▸ **What is being asked**: Write the listing out again word for word, excluding any pictures.

▸ **Given entries**:
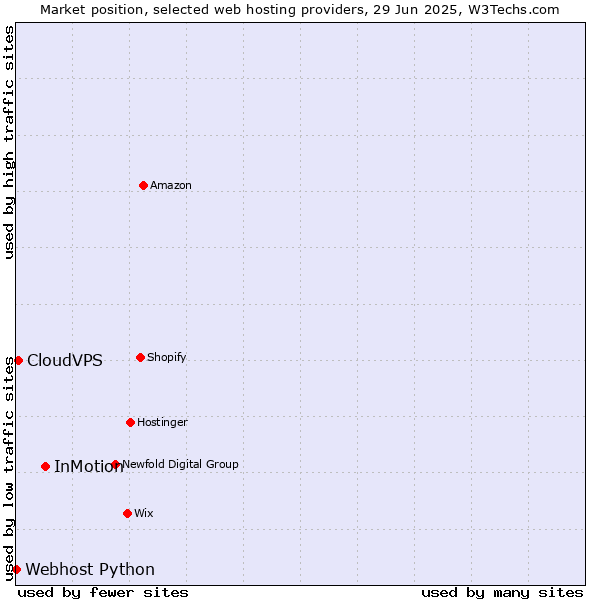 Market position of InMotion vs. CloudVPS vs. Webhost Python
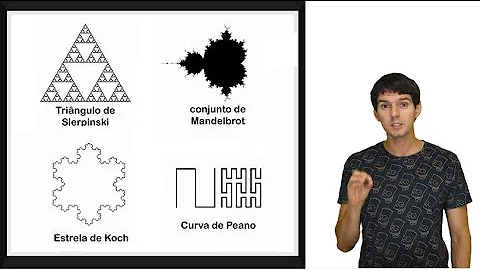 Como calcular a dimensão de um fractal?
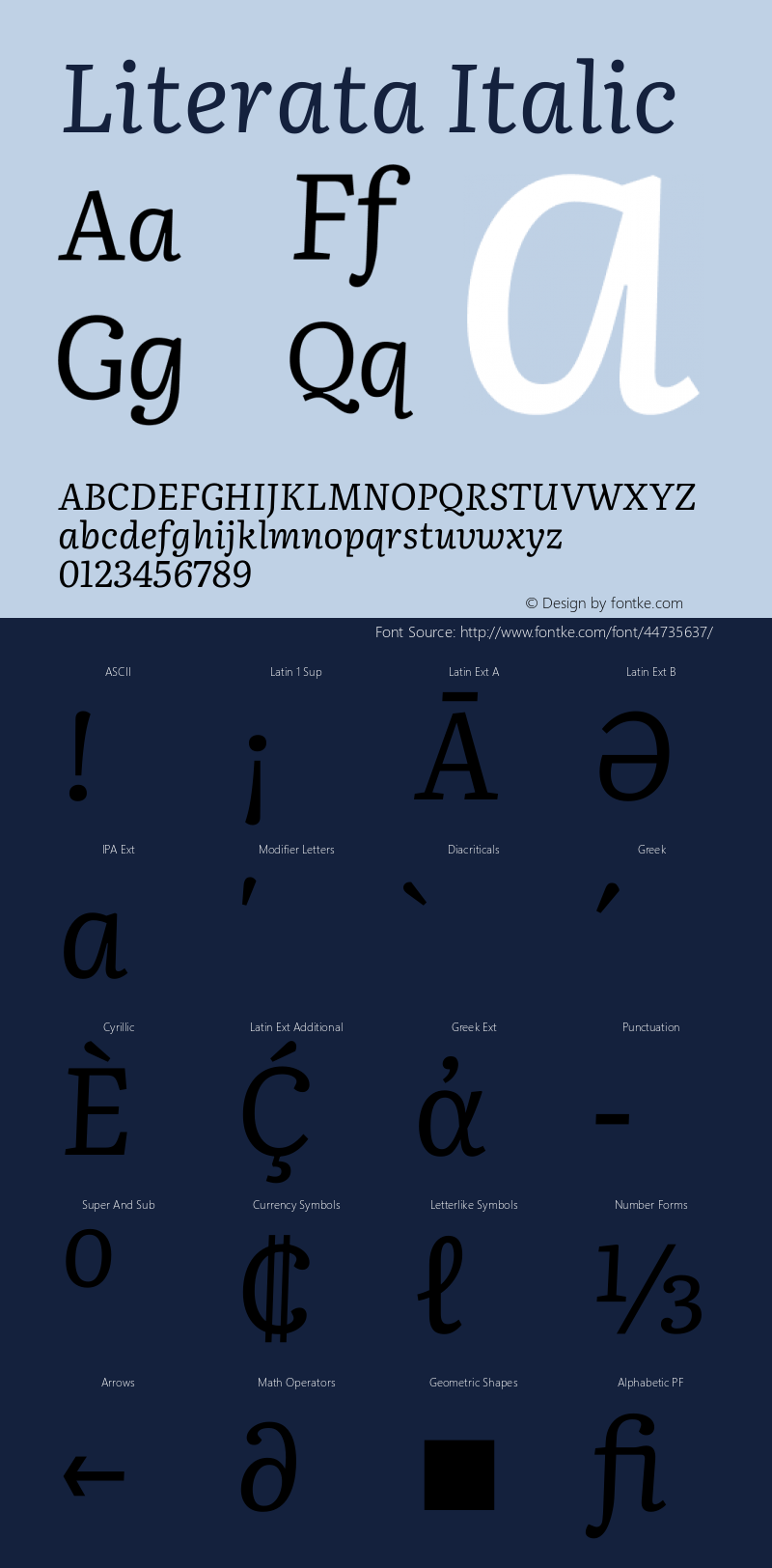 Literata Italic Version 2.201 Font Sample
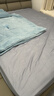 皇冠床笠1.8米x2米床單床罩防塵罩冬季加厚磨毛床蓋a類(lèi)床墊套罩保護套 曬單實(shí)拍圖
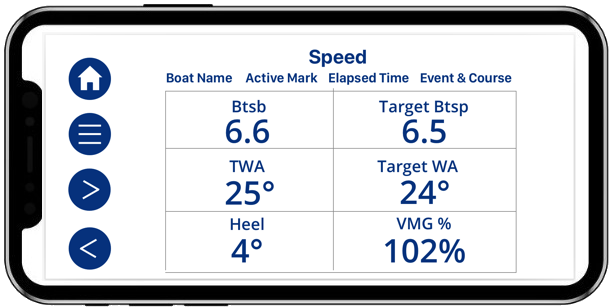 Pathfinder Sailing - speeed screen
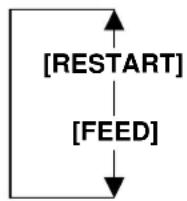 TOSHIBA B-SX4T - FEED Toets Functie - 2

▸ **Response to this exercise**:
 Market position of InMotion vs. CloudVPS vs. Webhost Python
 Como calcular a dimensão de um fractal?
 Literata Italic Version 2.201 Font Sample
 皇冠床笠1.8米x2米床單床罩防塵罩冬季加厚磨毛床蓋a類(lèi)床墊套罩保護套 曬單實(shí)拍圖
 Pathfinder Sailing - speeed screen
 TOSHIBA B-SX4T - FEED Toets Functie - 2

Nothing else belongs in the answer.